With supremacy in augmentation and acceleration, Generative AI offers creatives and fashion professionals the technological tools to do certain tasks dramatically faster, thus saving them the time that otherwise they would have been spending on things that were dependent on humans to complete. This has had a direct impact on customer service as it is now automated, thus leaving designers with considerable time at hand to rapidly churn out design concepts and colour ways.

Retailers are implementing AI to replace photoshoots and also to predict what people will want to buy and wear in the future. International brands are using AI to personalize how people shop online. It pulls items of clothing from brands and retailers’ websites and shows them in a feed within the app. Think of it as a clothing version of Tinder: if users like the dress being shown, they tap “yes”. If they’re not interested, they tap “no”. Also, fashion retailers are using regenerative AI to make their businesses more efficient, thus replacing photoshoots and predicting what people would want to buy and wear soon. For instance, Startup Finesse is using AI to scan the web to predict what the next trend may be, and then use algorithmic design to quickly produce small runs of clothing within 25 days. The firm says it is using 3D modelling software for all of its gender-neutral clothing to curb costs and cut down on the amount of waste that is generated whilst creating samples.
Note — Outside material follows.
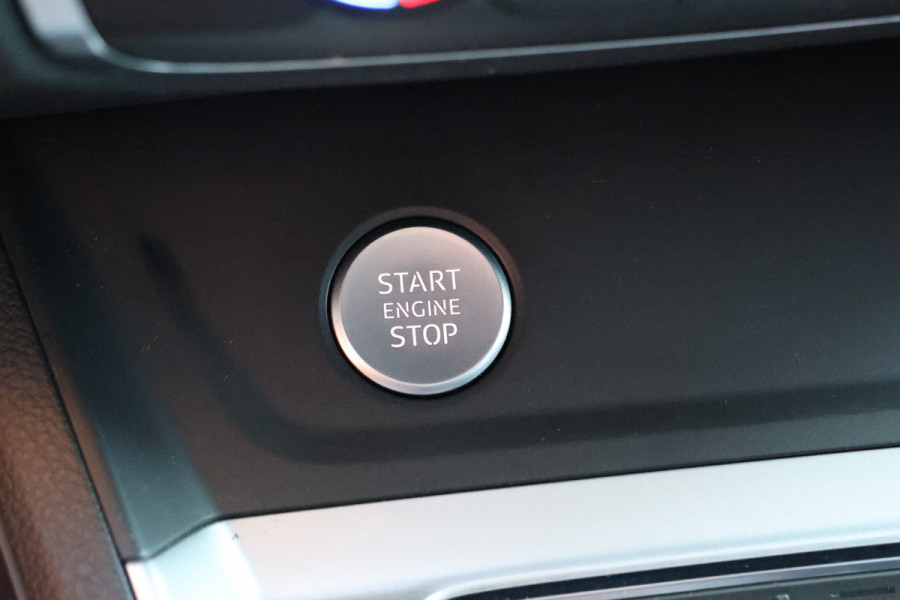 Audi Q3 35 TFSI Pro Line | Panoramadak | ACC | Side Assist | Lane Assist | Stoelverwarming | Camera | CarPlay | Keyless Go | Virtual Cockpit | F1 Flippers | Inc BTW | Nieuwe APK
Assists hyper-personalization.

Generative AI is being used by designers for next-level personalization of products and experiences for consumers. This is being done via e-commerce sites, targeted ads, and in-store experiences amongst others. To note, until now, personalization was largely dependent on micro-segmentation by grouping customers according to their interests, age group, or location. With GAI, however, there has been a lot of automation to deliver hyper-personalization, thus allowing brands to create complete, multi-channel campaigns using AI and insights on effective content from 1.4 trillion Attentive data points.

New Establishments

Generative AI can help with visual merchandising and creative displays. As brands open more store locations, they need visual merchandising that expresses the brand identity globally but is also tailored to the context of each store. It can also be used to provide personalized product recommendations on brands’ websites and mobile apps using consumer data from specific markets. It also helps to leverage consumer mobility data to customize stores to the unique needs and interests of local consumers, and open new stores where demands are high.

The technology is still in its early stages and comes with risks, both for businesses and their employees. Businesses that have begun using generative AI have spoken about how GAI has helped enhance creativity and greater efficiency as it allows them to execute ideas and automate time-consuming work more easily. There are many, though, who are worried about losing their jobs as the advancement threatens people’s work and can potentially replace them in the coming future.